The information gained from the first interview helps the family therapist form hypotheses about the function of the problem within its relational context. Moreover, this information can help the family therapist generate directives to influence change. For Haley (1991), "the first obligation of a therapist is to change the presenting problem offered. If that is not accomplished, the therapy is a failure" (p. 135).

The Evolution of Family Therapy

No subfield in counseling can stand still and remain relevant. Family therapy is no exception. In the past decade there have been a number of factors that have spurred innovation in family therapy. These factors include (a) the changing demographics of the nation, (b) the drive for greater health care cost containment, (c) increased knowledge concerning the "active ingredients" of counseling interventions, and (d) innovation in counseling research techniques. The end result of these factors has been the brief manualized versions of integrative family therapy. Before these versions are discussed, the descriptor integrative needs definition. There exist a number of high-quality psychotherapy outcome studies that have pitted different approaches against each other (e.g., the National Institute of Mental Health's Comparative Depression Study, the National Institute on Alcohol Abuse and Alcoholism's Project Match). A consistent finding of these studies is that manualized versions of different psychotherapeutic approaches produce equivalent results. Thus, psychotherapy research and practice have transitioned from a competitive era to an integrative era (Nuttall, 2008).

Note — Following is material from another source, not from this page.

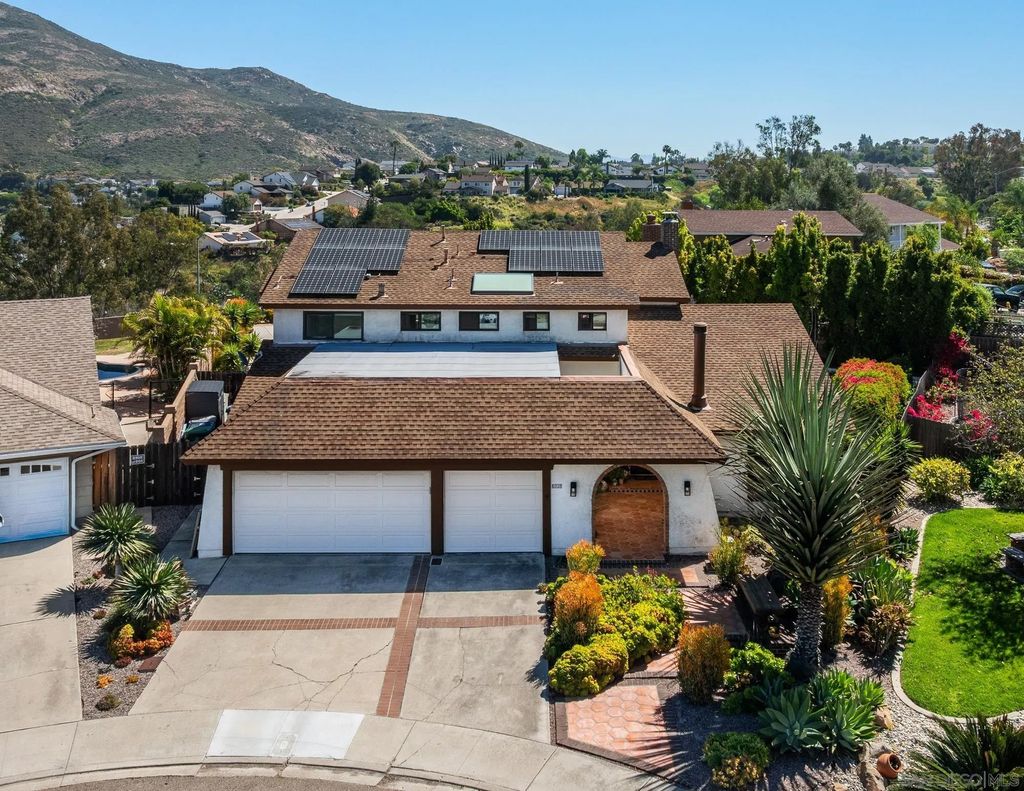 Photo of 7805 Hemingway Ave, San Diego, CA 92120 (MLS # 260008071)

In family therapy, prominent theorists have developed and manualized integrated family therapy models. These models include Howard Liddle's multidimensional family therapy, Jose Szapocznik's brief strategic family therapy (BSFT), William Pinsof's integrative problem-centered therapy, and Nathan Epstein's McMaster family therapy. All have been researched extensively. Szapocznik's manualized integration of systemic and structural modalities may be the most important going forward given the extensive efficacy research done on this approach with clients of color.